YOUR TASK —
Leave out the pictures and return every entry exactly as it appears.

Stored dataset items
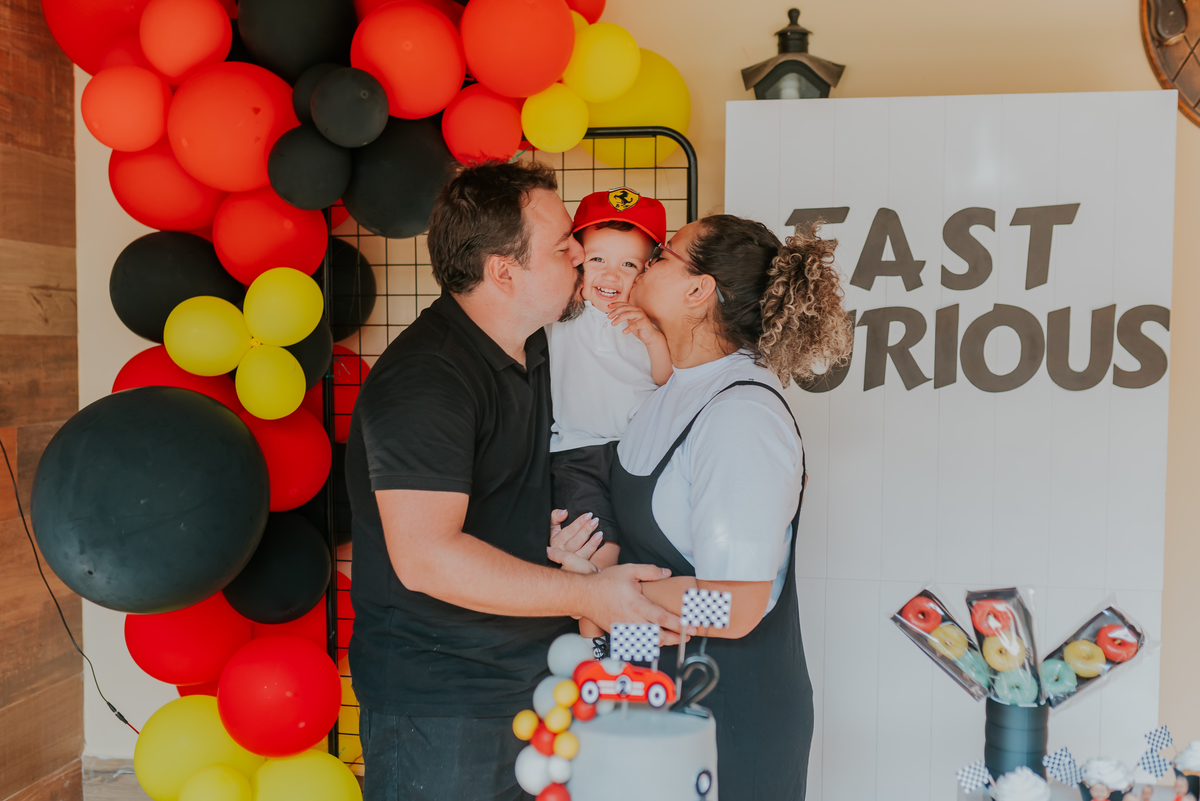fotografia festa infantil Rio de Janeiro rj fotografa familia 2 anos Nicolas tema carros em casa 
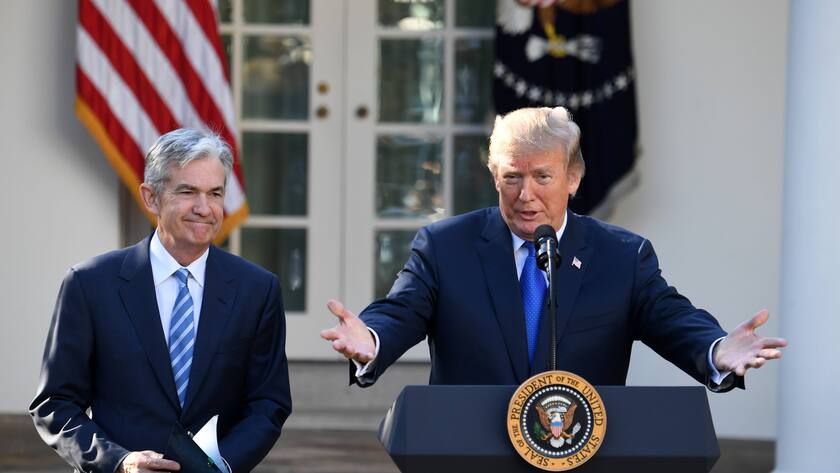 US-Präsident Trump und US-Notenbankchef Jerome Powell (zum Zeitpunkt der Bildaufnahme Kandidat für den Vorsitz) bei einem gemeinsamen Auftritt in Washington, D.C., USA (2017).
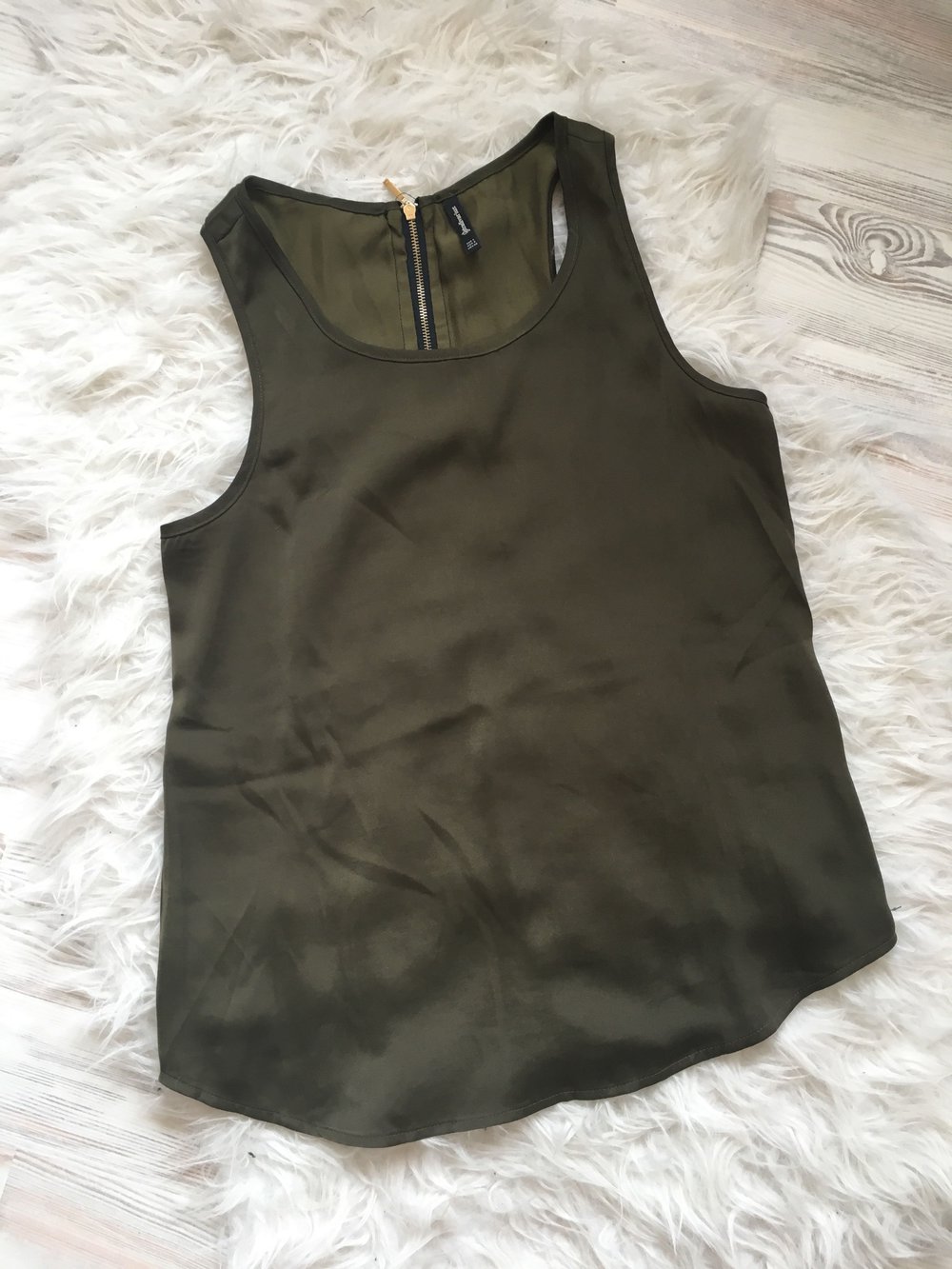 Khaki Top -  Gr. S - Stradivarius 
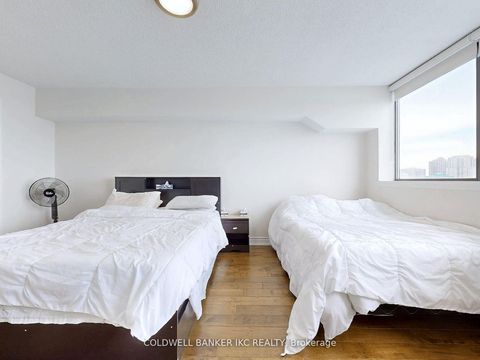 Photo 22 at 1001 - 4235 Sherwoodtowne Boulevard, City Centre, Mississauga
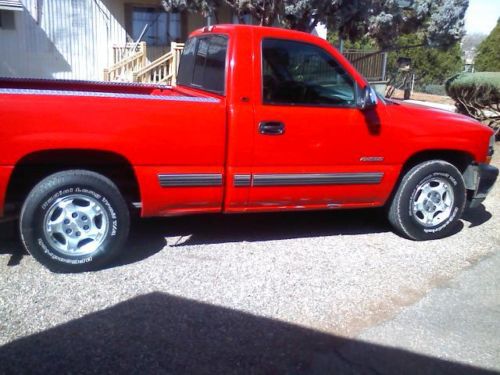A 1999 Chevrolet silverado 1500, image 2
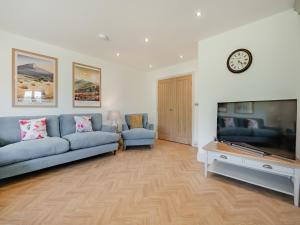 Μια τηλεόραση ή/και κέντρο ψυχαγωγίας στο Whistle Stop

OUTPUT FOR THIS EXERCISE —
fotografia festa infantil Rio de Janeiro rj fotografa familia 2 anos Nicolas tema carros em casa 
 US-Präsident Trump und US-Notenbankchef Jerome Powell (zum Zeitpunkt der Bildaufnahme Kandidat für den Vorsitz) bei einem gemeinsamen Auftritt in Washington, D.C., USA (2017).
 Khaki Top -  Gr. S - Stradivarius 
 Photo 22 at 1001 - 4235 Sherwoodtowne Boulevard, City Centre, Mississauga
A 1999 Chevrolet silverado 1500, image 2
 Μια τηλεόραση ή/και κέντρο ψυχαγωγίας στο Whistle Stop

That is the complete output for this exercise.